The U.S. Department of Defense currently uses depleted uranium (DU) in many of its bullets and shells. It is 1.7 times as dense as lead and makes a “perfect” tip for tank-penetrating missiles. Although the military claims that the DU it uses contains only the relatively harmless isotope Uranium-238 (U-238), it in fact also contains the deadly U-236. By continuing the use of DU, the U.S. military is knowingly putting thousands of soldiers and millions of civilians at risk.
When DU-tipped weapons hit their targets, they penetrate and explode, leaving the battlefield with a thin coating of uranium dust. When soldiers and civilians search recently destroyed enemy tanks for intelligence or souvenirs, they disturb this thin coating and inhale the radioactive dust. Over 300 tons of DU were strewn over the desert battlefields during the Gulf War.
In 1992, Dr. Siegwart-Horst Günther, a German epidemiologist found Iraqi children playing with bullets and shells left over from the war. In tests, he found radiation levels 350 times higher than those produced by Uranium-238. Subsequently, one of those children died of leukemia and others suffered kidney failure and lacerations on their skin. Günther was arrested by the German government and jailed for two months for bringing such dangerous material into Germany.
In Iraq itself, medical experts claim that cancer rates have increased ten-fold since 1991, and a 1998 conference in Baghdad highlighted the increasing number of Iraqi babies who have been born with neurological disorders, kidney problems and missing limbs. Even amongst Gulf War veterans in the United States there has been an increased incidence of deformed babies—many with no arms, just hands attached to his shoulders. Yet out of over 135,000 veterans of the Gulf War who are considered disabled by U.S. veterans’ associations only 33 of them are currently being monitored for radiation poisoning by the military.
The military is clearly aware of the dangers associated with DU. Those who handle the DU-tipped ammunition in transportation wear special protective suits, even though the soldiers who actually fire the weapons from their tanks, helicopters and machine guns go unprotected. In the documentary Invisible War, Gulf veteran Carole Picou describes how when Gen. Barry McCaffrey visited her unit in the desert he wore a protective suit. It was only as he was leaving that he told the officers that they were in a “contaminated area” and that the soldiers must wear their protective suits for the drive out. Picou later came down with radiation poisoning, experiencing the classic symptoms including loss of bowel control, joint pain, fatigue and thyroid failure. The Department of Veterans Affairs doctors attributed her sickness to a “change of diet” after returning from Iraq and insisted that her radiation exposure was perfectly normal. They failed to explain how her feet had grown from size seven to size nine.

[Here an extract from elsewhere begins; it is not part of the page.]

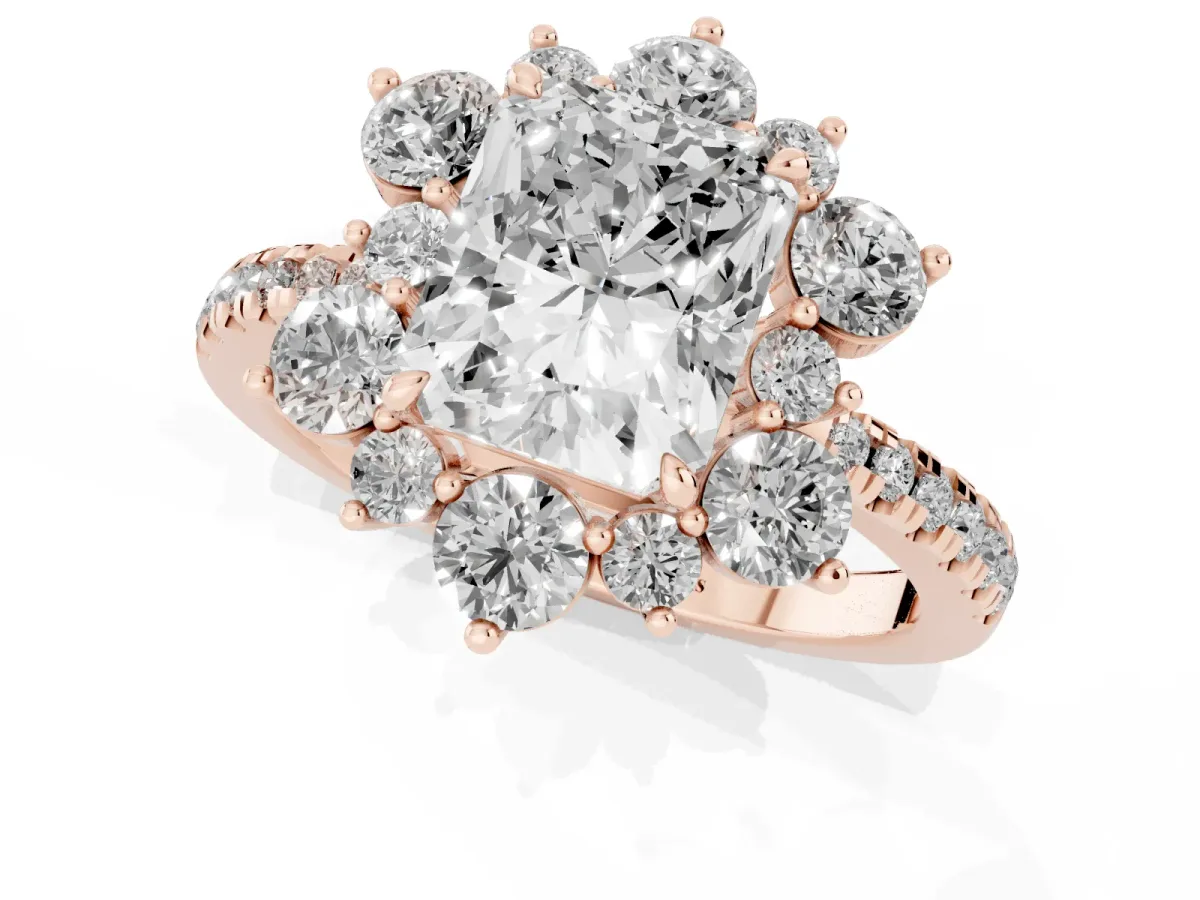 Radiant Cut Diamond Floral Halo Ring with Round Pavé Band and Prong Setting Rose gold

The radiation levels in the Gulf were so high that the military even organized cleanup efforts for 24 of its own vehicles during and after the war. Capt. Doug Rokke, who headed these operations, said in the same documentary it took three months to prepare them and a full three years to clean them up. Rokke described the “thousands and thousands” of contaminated vehicles all over Iraq, Kuwait, Bosnia and Kosovo which have yet to be cleaned. He himself now has lung and kidney problems while he claims that many other members of his clean-up team have subsequently fallen ill or are dying of cancer. Rokke’s conclusion? “If you can’t clean it up, don’t use it.”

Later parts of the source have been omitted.